Now that $\Lambda (n)$ has been identified for us, let us formulate and verify the convolution identity corresponding to this series. The series identity

$$\frac{\zeta'(s)}{\zeta (s)}\: \zeta (s) = \zeta'(s)$$

suggests the convolution identity  $\Lambda *u = \ell$, where $\ell (n) = \log n$. As before, we shall now prove this identity directly, thereby giving a second proof of Theorem 2.3.4 (note that convergence of the series for Re $s > 1$ follows from the fact that $\Lambda (n) \leq \log n$ for all $n$). At the same time, the Möbius function gives a second, equivalent identity.

Theorem 2.3.5. Write $\ell (n) = \log n$. Then

$$\Lambda * u = \ell , \qquad \ell * \mu = \Lambda .$$

Proof. The second statement follows from the first one, since $u*\mu = e_1$. To prove the first statement, note first that $\Lambda (1) = \ell (1) = 0$. Now choose $n > 1$, with prime factorization

$$n = p_1^{r_1} \ldots p_k^{r_k}.$$

The divisors $i$ of $n$ for which $\Lambda (i) \neq 0$ are the numbers $p_j^{s_j}$ for $1 \leq j \leq k$ and $1 \leq s_j \leq r_j$. Each of these has $\Lambda (i) = \log p_j$. Hence

$$\begin{eqnarray*} (\Lambda * u)(n) & = & \sum_{i\vert n} \Lambda (i)\\ & = & \sum_{j=1}^k r_j \log p_j\\ & = & \log n. \; \Box \end{eqnarray*}$$

The series for $\zeta'(s)/\zeta (s)$ plays an absolutely central part in the strategy to prove the prime number theorem.
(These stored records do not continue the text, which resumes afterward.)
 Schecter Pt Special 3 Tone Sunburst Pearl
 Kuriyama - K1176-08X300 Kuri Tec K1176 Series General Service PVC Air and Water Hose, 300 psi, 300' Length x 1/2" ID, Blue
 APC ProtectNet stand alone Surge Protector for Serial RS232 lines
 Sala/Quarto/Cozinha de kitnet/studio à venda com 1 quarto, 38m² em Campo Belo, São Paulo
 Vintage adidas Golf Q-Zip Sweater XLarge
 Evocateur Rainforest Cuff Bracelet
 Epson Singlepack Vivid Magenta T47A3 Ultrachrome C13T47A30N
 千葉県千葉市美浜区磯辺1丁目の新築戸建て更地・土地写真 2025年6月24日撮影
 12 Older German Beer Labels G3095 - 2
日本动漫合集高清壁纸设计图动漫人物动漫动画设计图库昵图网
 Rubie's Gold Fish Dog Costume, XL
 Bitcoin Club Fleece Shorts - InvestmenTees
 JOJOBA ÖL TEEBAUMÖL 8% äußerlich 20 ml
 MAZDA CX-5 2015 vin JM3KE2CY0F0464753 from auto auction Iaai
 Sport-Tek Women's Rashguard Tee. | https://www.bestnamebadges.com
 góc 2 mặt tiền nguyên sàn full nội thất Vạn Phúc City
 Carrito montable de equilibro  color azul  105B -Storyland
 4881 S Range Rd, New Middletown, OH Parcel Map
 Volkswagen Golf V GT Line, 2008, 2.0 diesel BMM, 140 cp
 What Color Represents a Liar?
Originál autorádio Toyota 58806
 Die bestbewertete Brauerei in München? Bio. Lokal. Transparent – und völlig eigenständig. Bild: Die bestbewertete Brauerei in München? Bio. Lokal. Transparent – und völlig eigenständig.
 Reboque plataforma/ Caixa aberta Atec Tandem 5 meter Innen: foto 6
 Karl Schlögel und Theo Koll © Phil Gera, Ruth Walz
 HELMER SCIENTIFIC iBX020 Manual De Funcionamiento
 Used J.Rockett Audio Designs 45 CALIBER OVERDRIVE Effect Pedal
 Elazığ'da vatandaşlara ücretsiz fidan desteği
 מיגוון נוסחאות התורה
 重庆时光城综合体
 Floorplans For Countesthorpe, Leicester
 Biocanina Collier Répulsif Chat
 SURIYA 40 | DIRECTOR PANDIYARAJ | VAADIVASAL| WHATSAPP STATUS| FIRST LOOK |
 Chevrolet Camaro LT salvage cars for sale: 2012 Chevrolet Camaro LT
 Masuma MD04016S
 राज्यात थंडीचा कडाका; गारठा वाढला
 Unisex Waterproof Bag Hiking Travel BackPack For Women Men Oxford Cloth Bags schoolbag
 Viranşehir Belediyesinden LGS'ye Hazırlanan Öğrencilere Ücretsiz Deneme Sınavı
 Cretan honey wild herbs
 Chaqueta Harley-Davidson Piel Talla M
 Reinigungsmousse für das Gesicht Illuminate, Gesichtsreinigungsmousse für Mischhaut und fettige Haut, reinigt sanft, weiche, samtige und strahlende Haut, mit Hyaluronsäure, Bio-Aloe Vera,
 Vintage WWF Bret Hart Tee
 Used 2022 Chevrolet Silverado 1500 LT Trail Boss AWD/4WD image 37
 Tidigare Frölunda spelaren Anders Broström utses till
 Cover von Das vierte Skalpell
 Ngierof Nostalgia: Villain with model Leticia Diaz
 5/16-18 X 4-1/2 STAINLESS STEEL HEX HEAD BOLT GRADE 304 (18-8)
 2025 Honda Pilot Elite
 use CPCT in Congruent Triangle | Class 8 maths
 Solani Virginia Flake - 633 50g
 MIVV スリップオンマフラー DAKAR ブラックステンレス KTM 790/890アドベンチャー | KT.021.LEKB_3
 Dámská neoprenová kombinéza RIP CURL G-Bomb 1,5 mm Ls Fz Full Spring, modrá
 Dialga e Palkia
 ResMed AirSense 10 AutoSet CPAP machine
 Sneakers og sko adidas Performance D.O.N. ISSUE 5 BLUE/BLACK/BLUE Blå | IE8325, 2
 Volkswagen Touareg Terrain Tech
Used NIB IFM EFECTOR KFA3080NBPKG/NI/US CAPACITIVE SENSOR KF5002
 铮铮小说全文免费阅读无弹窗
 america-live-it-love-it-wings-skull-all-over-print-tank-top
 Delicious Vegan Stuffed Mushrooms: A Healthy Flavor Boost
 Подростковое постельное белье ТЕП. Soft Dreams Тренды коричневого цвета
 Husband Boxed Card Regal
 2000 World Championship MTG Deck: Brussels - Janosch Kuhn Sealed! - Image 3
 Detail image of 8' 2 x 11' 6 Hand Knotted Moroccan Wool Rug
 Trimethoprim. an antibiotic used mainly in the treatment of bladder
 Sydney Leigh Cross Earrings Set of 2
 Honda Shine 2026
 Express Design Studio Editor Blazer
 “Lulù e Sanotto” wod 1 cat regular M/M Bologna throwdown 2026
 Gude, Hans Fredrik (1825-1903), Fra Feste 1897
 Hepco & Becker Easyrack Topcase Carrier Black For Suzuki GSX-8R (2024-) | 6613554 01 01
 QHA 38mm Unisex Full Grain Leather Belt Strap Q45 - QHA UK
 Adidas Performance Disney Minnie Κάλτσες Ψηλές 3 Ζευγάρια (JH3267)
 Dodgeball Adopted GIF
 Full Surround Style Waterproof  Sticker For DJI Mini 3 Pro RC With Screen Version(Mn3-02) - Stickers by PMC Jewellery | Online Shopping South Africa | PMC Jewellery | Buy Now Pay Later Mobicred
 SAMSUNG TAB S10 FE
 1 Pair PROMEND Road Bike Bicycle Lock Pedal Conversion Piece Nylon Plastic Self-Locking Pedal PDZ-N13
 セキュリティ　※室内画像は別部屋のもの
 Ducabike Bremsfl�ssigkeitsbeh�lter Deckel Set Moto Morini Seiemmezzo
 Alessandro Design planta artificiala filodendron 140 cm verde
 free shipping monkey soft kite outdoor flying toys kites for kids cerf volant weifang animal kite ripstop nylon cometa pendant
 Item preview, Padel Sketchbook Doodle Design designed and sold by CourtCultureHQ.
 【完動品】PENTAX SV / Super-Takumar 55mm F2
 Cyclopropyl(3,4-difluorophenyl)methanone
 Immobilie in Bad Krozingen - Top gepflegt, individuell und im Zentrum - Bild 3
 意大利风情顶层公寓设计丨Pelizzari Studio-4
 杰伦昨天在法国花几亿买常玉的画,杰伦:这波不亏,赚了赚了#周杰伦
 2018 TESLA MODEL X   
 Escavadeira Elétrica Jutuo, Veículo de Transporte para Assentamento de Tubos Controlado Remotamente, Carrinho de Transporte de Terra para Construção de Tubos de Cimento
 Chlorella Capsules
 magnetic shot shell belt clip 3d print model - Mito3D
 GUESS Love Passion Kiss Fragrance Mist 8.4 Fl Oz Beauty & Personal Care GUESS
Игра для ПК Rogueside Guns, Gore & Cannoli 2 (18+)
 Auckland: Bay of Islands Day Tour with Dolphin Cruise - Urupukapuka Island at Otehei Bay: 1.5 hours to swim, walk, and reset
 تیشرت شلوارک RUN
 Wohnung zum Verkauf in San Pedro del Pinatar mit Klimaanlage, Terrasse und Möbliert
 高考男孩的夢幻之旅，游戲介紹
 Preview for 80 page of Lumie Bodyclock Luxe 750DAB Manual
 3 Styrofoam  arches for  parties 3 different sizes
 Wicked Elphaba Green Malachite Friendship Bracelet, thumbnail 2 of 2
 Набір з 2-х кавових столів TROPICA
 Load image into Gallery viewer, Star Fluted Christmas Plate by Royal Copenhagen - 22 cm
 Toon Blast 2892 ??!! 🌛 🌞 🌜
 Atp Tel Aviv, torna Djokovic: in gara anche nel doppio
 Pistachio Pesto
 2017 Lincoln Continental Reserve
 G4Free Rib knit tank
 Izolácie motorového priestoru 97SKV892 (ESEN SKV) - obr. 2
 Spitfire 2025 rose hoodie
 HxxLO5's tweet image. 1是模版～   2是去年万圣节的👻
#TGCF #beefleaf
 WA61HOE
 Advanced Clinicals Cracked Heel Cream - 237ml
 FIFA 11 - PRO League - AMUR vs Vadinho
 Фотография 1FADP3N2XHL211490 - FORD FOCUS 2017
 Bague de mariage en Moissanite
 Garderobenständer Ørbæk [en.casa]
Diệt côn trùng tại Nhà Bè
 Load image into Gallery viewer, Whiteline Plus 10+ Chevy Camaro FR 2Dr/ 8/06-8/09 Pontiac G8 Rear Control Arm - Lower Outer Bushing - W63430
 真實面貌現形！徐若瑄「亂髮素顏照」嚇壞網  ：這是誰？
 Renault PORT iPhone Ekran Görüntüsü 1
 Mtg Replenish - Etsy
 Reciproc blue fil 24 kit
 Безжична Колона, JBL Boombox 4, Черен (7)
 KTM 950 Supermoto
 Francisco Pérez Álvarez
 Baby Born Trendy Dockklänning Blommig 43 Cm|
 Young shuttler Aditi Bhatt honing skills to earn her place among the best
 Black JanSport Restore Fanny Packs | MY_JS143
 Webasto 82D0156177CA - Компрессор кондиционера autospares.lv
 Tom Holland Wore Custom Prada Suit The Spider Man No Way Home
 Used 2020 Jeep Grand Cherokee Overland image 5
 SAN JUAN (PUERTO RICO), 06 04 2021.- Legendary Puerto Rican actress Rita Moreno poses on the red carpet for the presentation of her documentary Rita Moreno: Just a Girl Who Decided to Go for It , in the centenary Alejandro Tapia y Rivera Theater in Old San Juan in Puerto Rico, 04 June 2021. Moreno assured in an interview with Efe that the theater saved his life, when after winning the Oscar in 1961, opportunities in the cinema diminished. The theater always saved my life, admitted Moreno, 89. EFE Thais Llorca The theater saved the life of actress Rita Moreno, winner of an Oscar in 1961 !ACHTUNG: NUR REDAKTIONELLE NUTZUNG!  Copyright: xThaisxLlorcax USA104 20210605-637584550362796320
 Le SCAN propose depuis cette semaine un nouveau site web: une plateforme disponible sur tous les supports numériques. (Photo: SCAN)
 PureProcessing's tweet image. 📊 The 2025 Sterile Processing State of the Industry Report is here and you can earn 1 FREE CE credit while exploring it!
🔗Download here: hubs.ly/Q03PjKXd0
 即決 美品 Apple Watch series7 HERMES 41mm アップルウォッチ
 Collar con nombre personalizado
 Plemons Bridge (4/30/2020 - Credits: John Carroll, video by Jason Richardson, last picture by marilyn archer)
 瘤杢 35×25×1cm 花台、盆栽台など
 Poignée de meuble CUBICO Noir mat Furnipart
At this point, it is nearly, but not quite, clear why. Of course, our goal is to prove that $\theta (x) \sim x$. The general idea is that by knowing enough about a function defined by a Dirichlet series, we hope to derive information about the coefficients of the series - more exactly, about their partial sums. The Dirichlet series whose coefficients would deliver $\theta (x)$ in this way is, of course, the derivative of $\sum_{p \in P} 1/p^s$. However, this is an awkward function, and it is easier to establish properties of $\zeta'(s)/\zeta (s)$. The summation function of its coefficients $\Lambda (n)$ differs from $\theta (x)$ by including powers of primes as well as primes. The next task is to show that this summation function does just as well as $\theta (x)$ for our purpose. This is the subject of the next section.

Exercises

1. What convolution identity is suggested by the fact that $\zeta (1/\zeta )^\prime = - \zeta^\prime / \zeta \;$? Prove this identity by showing that $\ell (u*\mu ) = 0$ and applying a result from section 1.8.

2. Let

$$b(n) = \left\{ \begin{array}{ll} \log n & \mbox{if $n$\ is prime},\\ 0 & \mbox{otherwise} \end{array} \right.$$

Describe $(b*u)(n)$ in terms of the prime factorization of $n$.

3. Use Abel summation to show that

$$\log \zeta (s) = s \int_2^\infty \frac{\pi (x)}{x(x^s -1)}\; dx.$$

4. By termwise differentiation of the series $\sum_{p \in P} h(1/p^s)$, show that

$$- \frac{\zeta' (s)}{\zeta (s)} = \sum_{p\in P} \frac {\log p}{p^s -1},$$

and express this as an integral involving $\theta (x)$.